Welcome to Data Points, I am Brian Hamilton
This morning the all important ISM Manufacturing Index was released. This forward looking report has a long track record of accurately gauging the direction of production, employment, new orders, inventories, prices, imports, and exports.
Source: Bloomberg.com
As you can see in the chart below, the ISM index was hurting for a long period of time, from 2014 to 2016 the index suffered a sustained dip, but the index began to bounce back in the early part of 2017.
There were several reasons for the index's improvement; increasing energy prices, a weak dollar, and the expansion of both the global and domestic economies.
This morning's report came in at a reading of 59.1, slightly below last months revised reading of 59.3, but ahead of the expected reading of 58.6.
The report also revealed that new orders continued to rush in as the index showed a reading of 65.4 in January, the best reading in 10 years.

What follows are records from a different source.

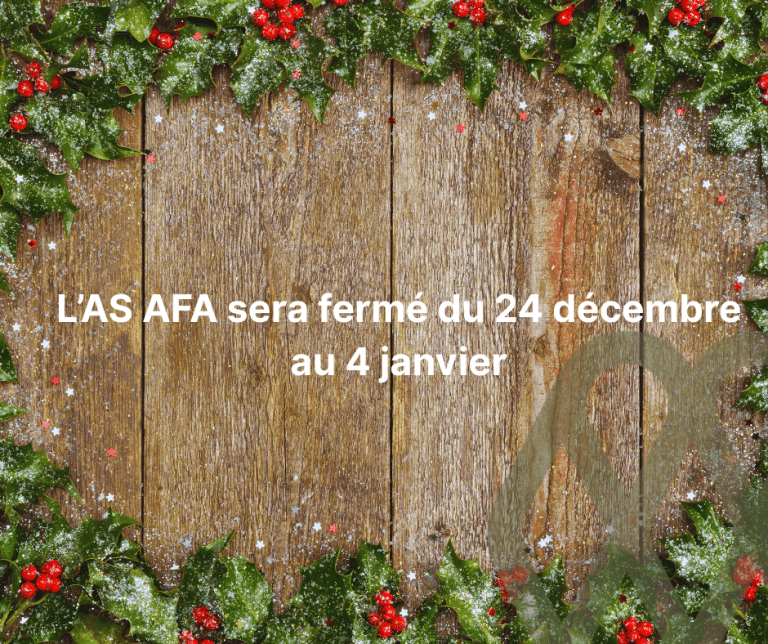 Fermeture decembre 1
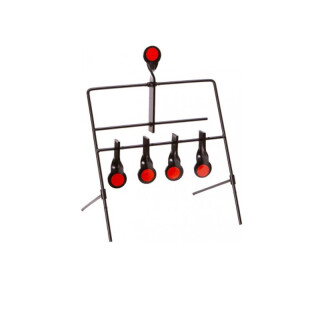 Allen 22LR Resetting Reactive Steel Targets With Portable Folding Stand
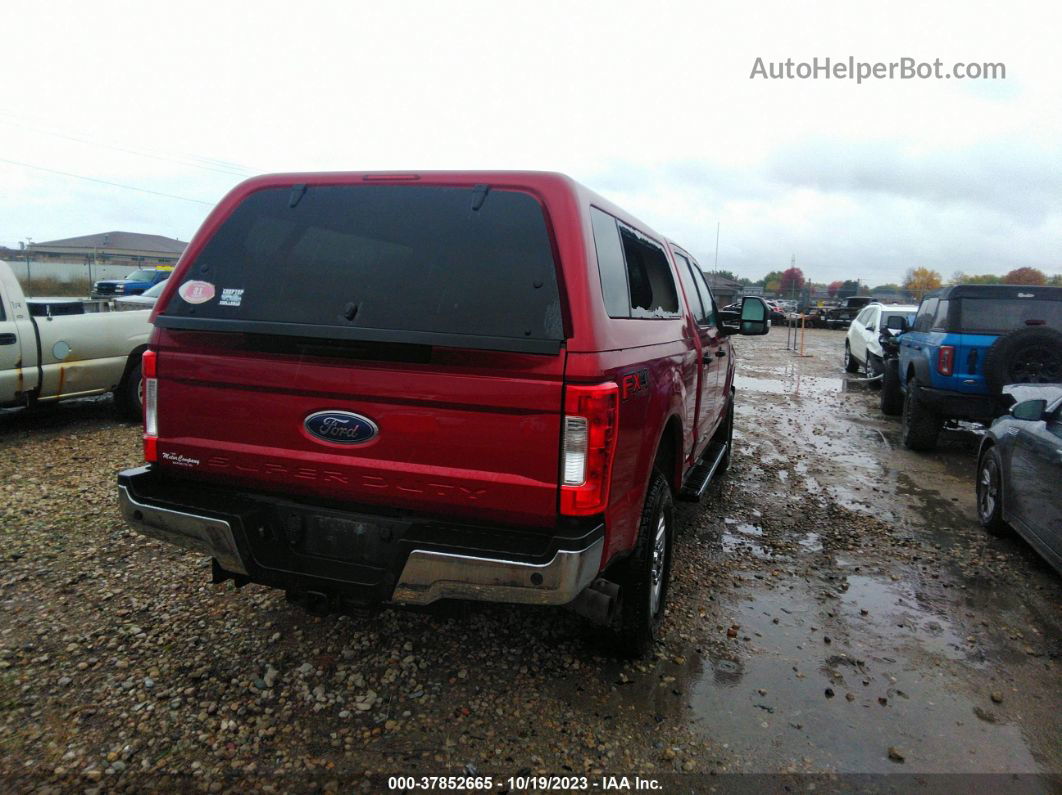 2018 Ford F-250 Xlt Red vin: 1FT7W2BT0JEC88056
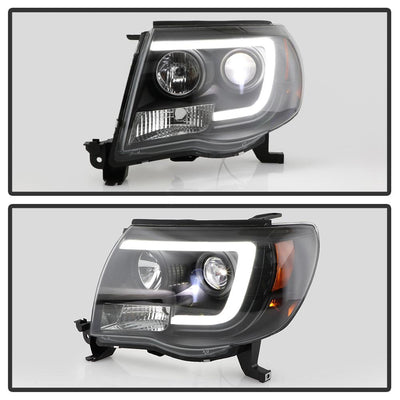 Version 2 Black High Power LED Module ( Low Beam ) Equipped Headlights <br>05-11 Toyota Tacoma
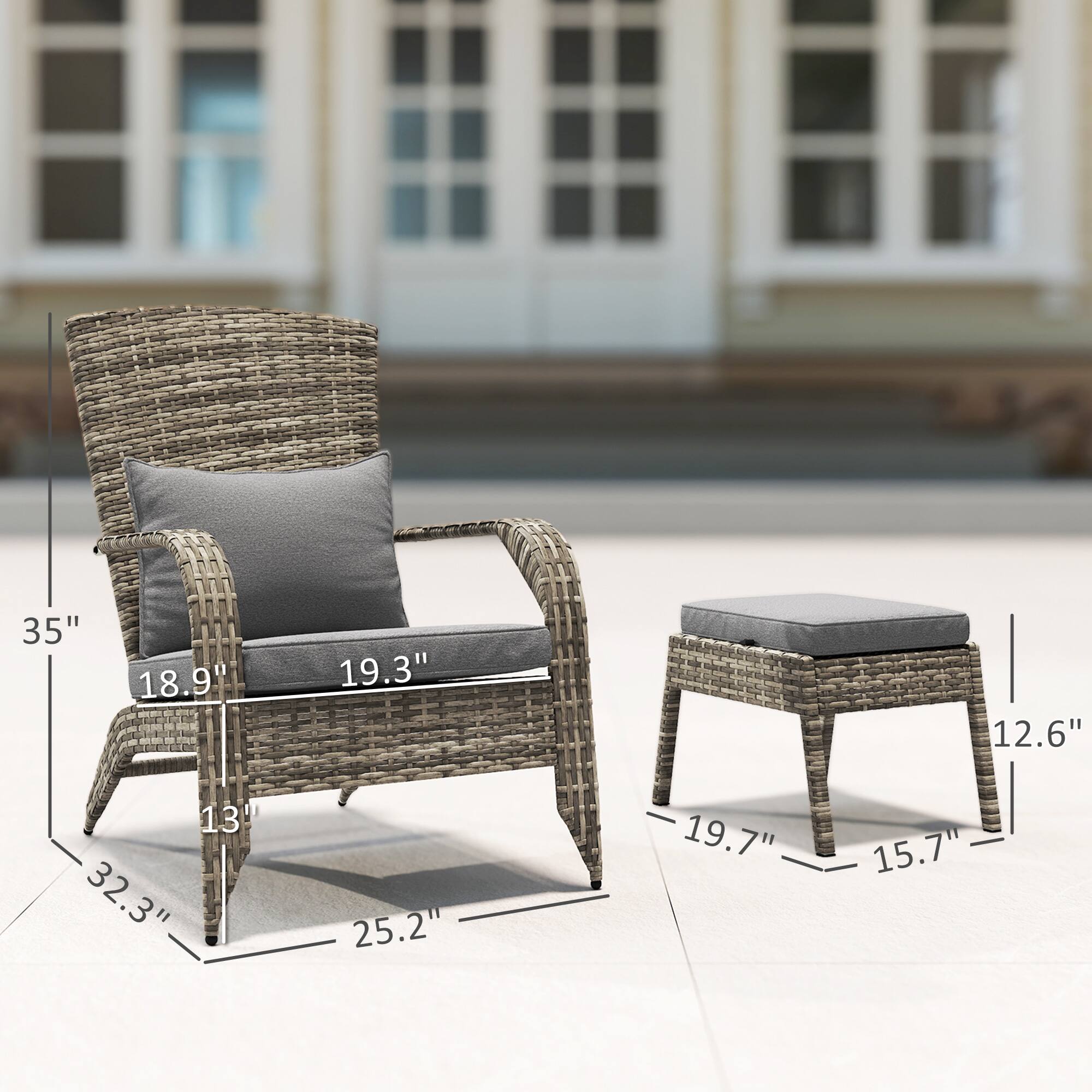 35"  
18.9"  
19.3"  
12.6"  
13"  
32.3"  
25.2"  
19.7"  
15.7"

Also backlogs remained at high levels with a reading of 56.2.
This data confirms that overall factory sector trends remain red hot.
Further, this overall strong report from the ISM is a positive future indicator for the industrial, factory, manufacturing, and production segments of the economy.
Specifically, Industrial companies like Caterpillar (NYSE:CAT), H & E Equipment, Colfax Corp, and Applied Industrial Technologies, all of whom currently carry a Zacks Rank #1 Strong Buy rating will benefit from this report.